Avez-vous vu changer les préférences du consommateur ?
“Les drinkcenters sont devenus beaucoup plus importants, par rapport au passé. Le nombre de cafés va en diminuant et le consommateur boit davantage à la maison et reçoit une offre large au supermarché. Il faut alors montrer au client que votre drinkcenter offre une réelle plus-value en matière de service, d'offre, de connaissance du produit… Vous pouvez par exemple offrir aux clients des dégustations. Si vous ne pouvez lui proposer qu'une gamme limitée et ne lui offrez aucun service supplémentaire, le client n'aura aucune raison de faire ses achats dans votre drinkcenter, il pourra tout aussi bien allez acheter ses boissons au supermarché.
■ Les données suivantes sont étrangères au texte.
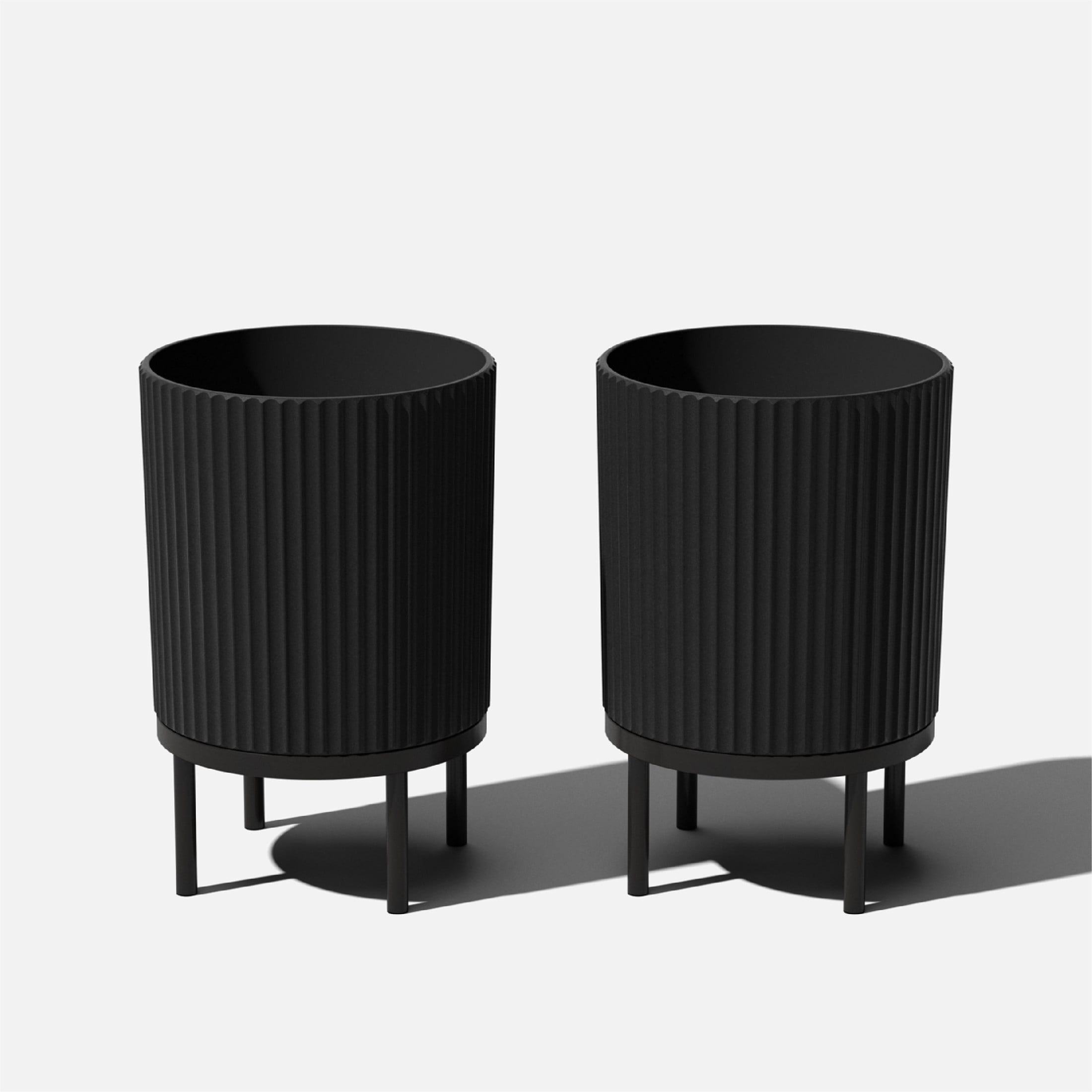 Modern Black Raised Demi Planter with Stand, 15"x22"
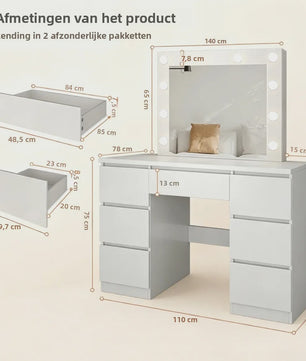 Kaptafel met Grote Spiegel, Verstelbare LED Verlichting en Ingebouwde USB/Stopcontacten - Veel Opbergruimte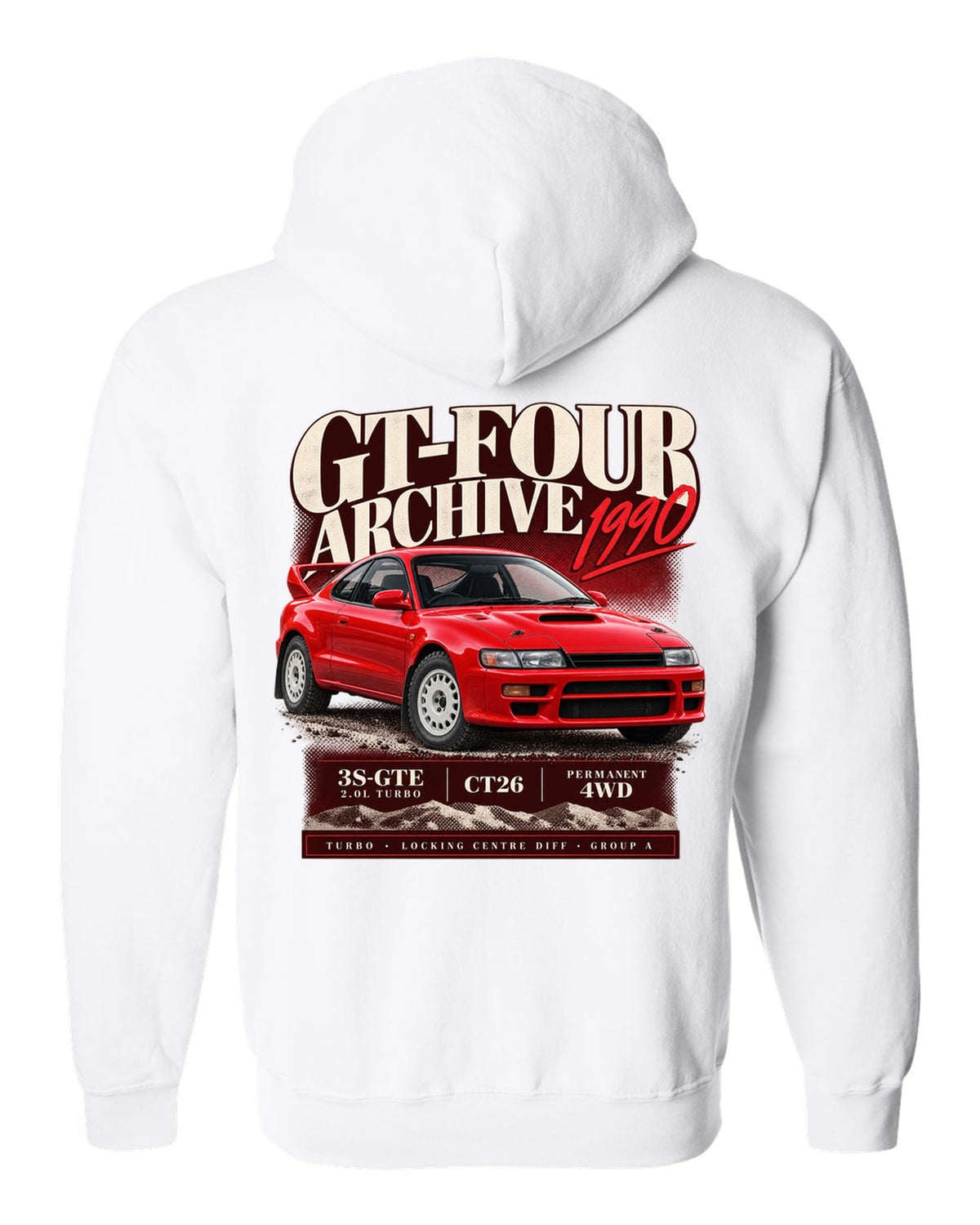 Archive panel print of a Toyota Celica GT-Four ST185 with 3S-GTE, CT26 and Group A text white zip hoodie back view with the design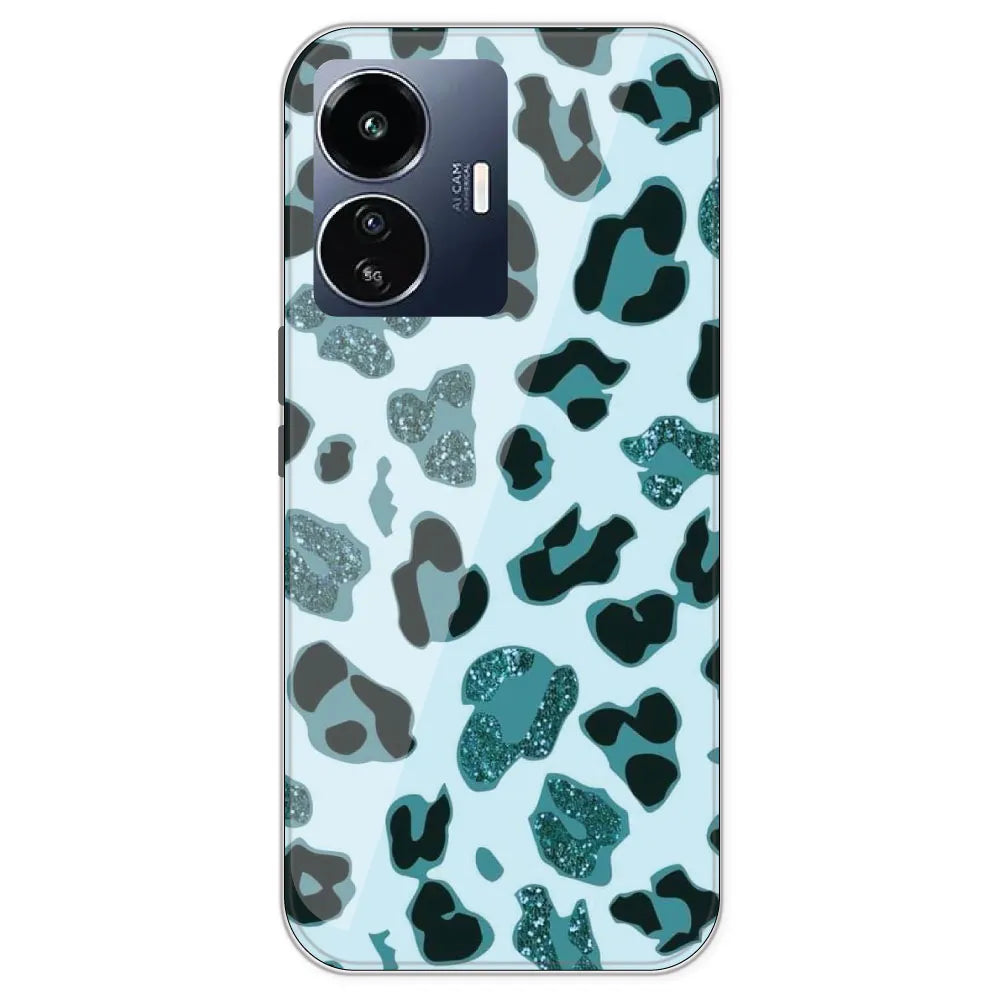 Blue Leopard Glitter Print - Printed Silicone Case For IQOO Z6 Lite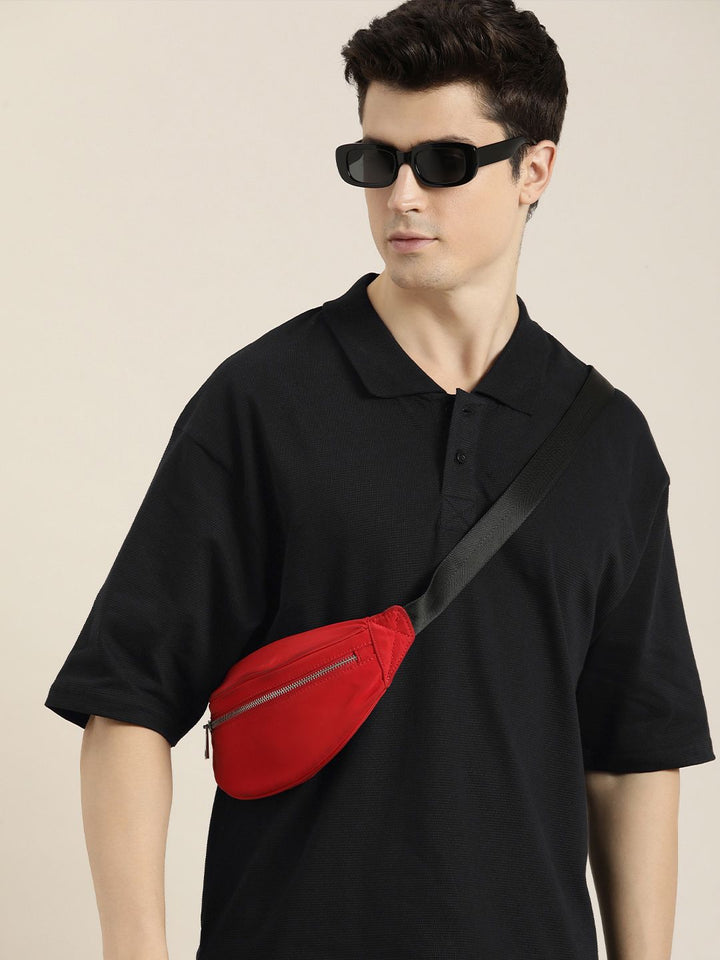 DILLINGER Men Solid Honeycomb Structure Oversized Cotton Polo T-Shirt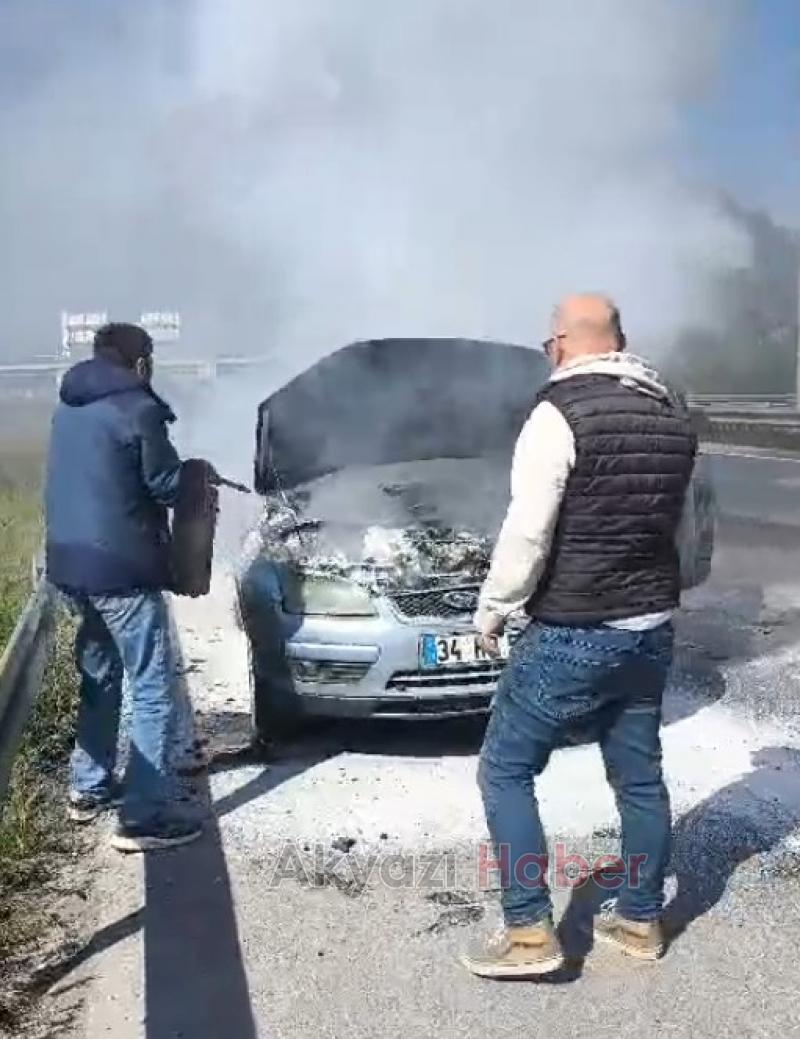 D100'de araç alev aldı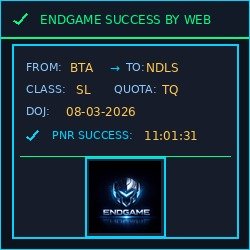 EndGame Tatkal Software booking result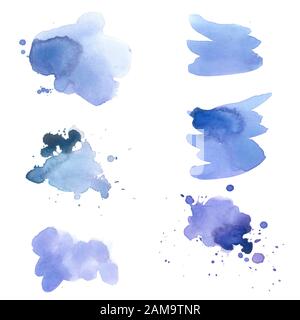 Das Set von abstrakten ultramarinen Aquarell handgemalten Hintergrund Stockfoto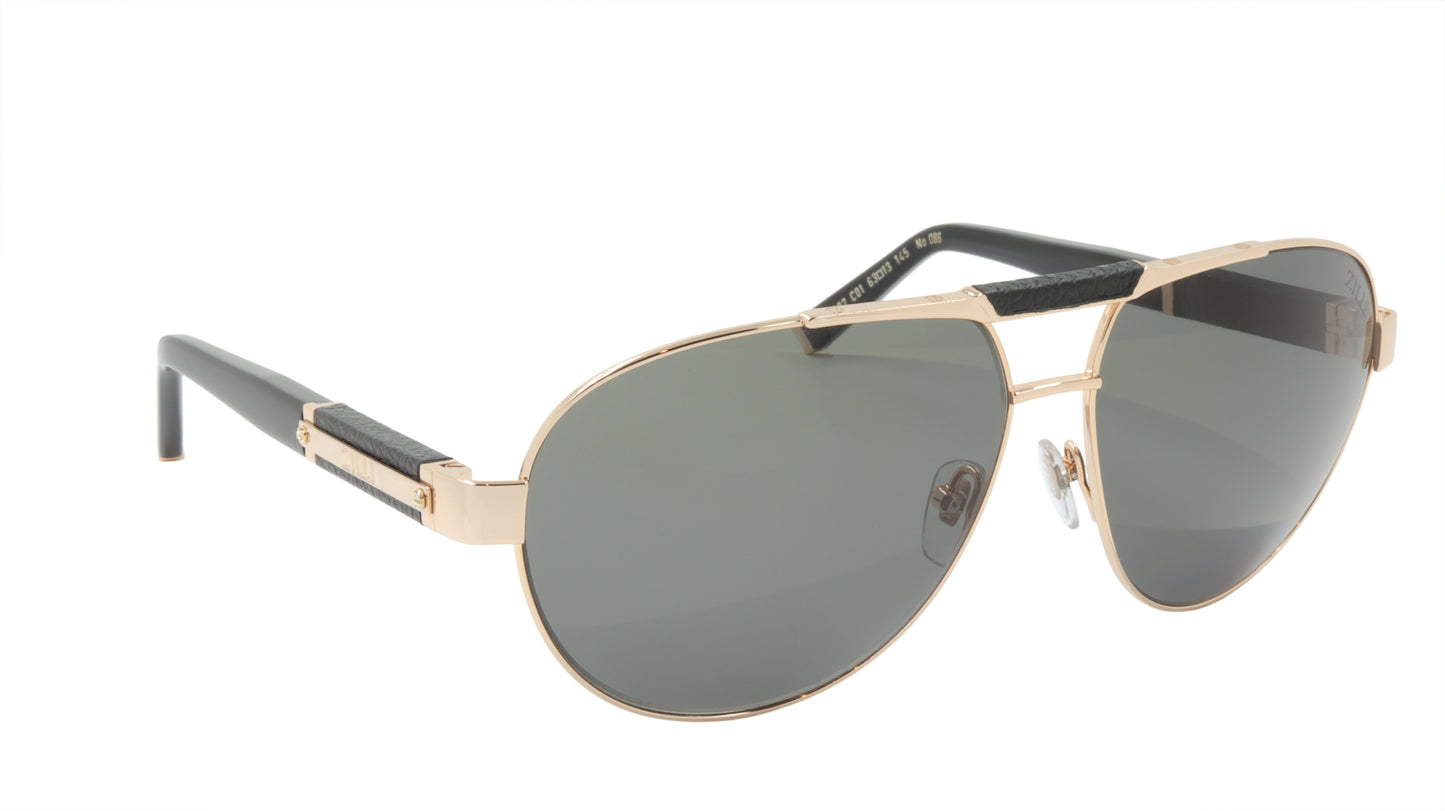 ZILLI Sunglasses Titanium Acetate Leather Polarized France Handmade ZI 65032 C01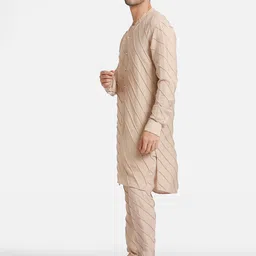 Komal Kothari Striped Regular Linen Kurta with Pyjamas image 3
Mais si, en tant que distributeur en boissons, vous pouvez montrer votre valeur ajoutée, vous donnez au consommateur une raison claire pour laquelle il vaut beaucoup mieux qu'il aille acheter ses boissons chez un distributeur en boissons. La collaboration avec des distributeurs en boissons a aussi une grande importance, même au niveau des consommateurs comme chez Prik & Tik et Drinxit.”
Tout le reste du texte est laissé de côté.